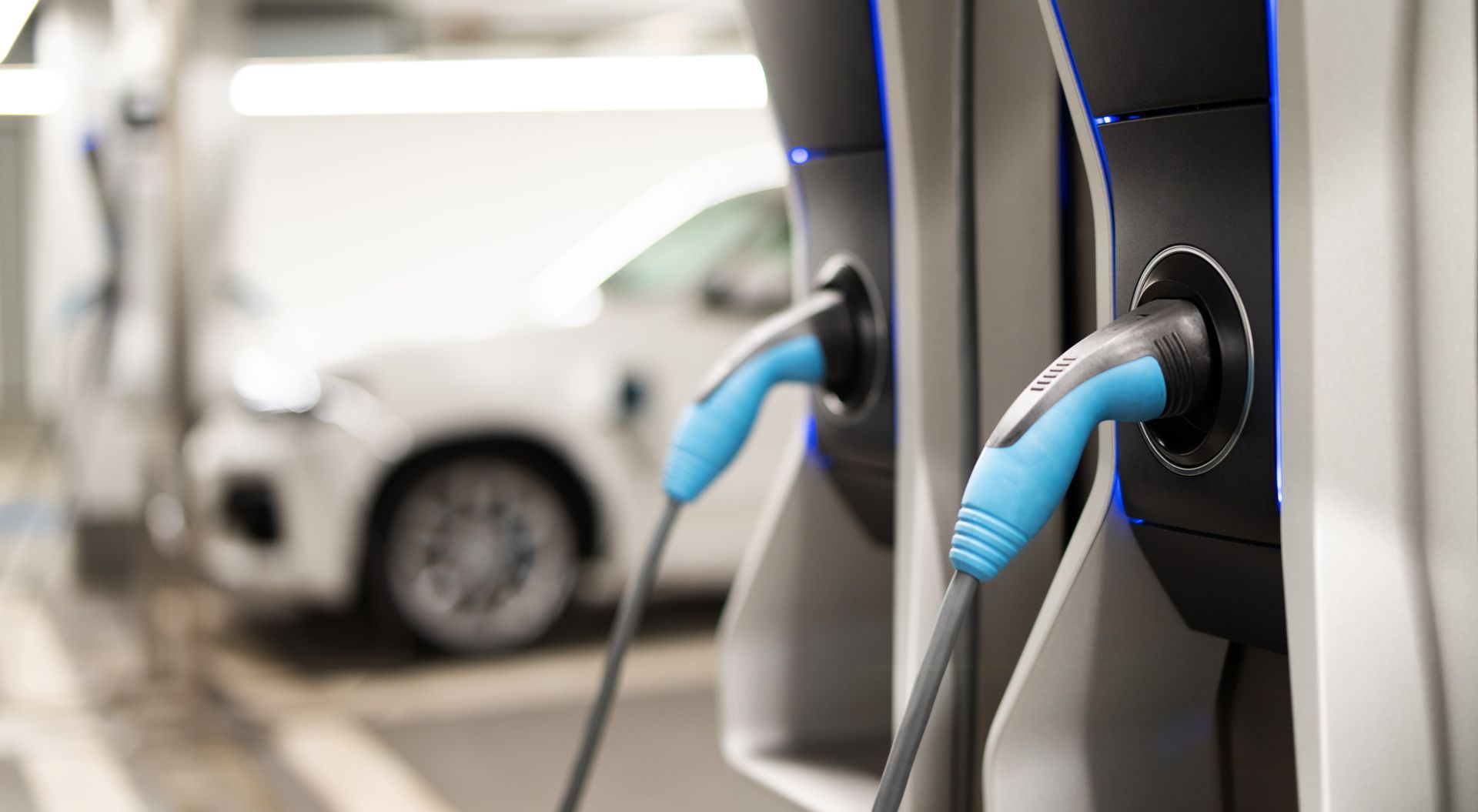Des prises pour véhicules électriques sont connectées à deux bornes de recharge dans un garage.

* * *

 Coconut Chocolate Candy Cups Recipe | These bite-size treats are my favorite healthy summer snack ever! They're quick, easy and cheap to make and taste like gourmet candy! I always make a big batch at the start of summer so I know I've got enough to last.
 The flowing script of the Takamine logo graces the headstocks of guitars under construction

## WHAT IS REQUIRED:
I'd like the lines above from the one with "Coconut Chocolate Candy" up to and including the one with "The flowing script" copied exactly, with no other lines.

## SOLUTION FOR THIS PROBLEM:
 Coconut Chocolate Candy Cups Recipe | These bite-size treats are my favorite healthy summer snack ever! They're quick, easy and cheap to make and taste like gourmet candy! I always make a big batch at the start of summer so I know I've got enough to last.
 The flowing script of the Takamine logo graces the headstocks of guitars under construction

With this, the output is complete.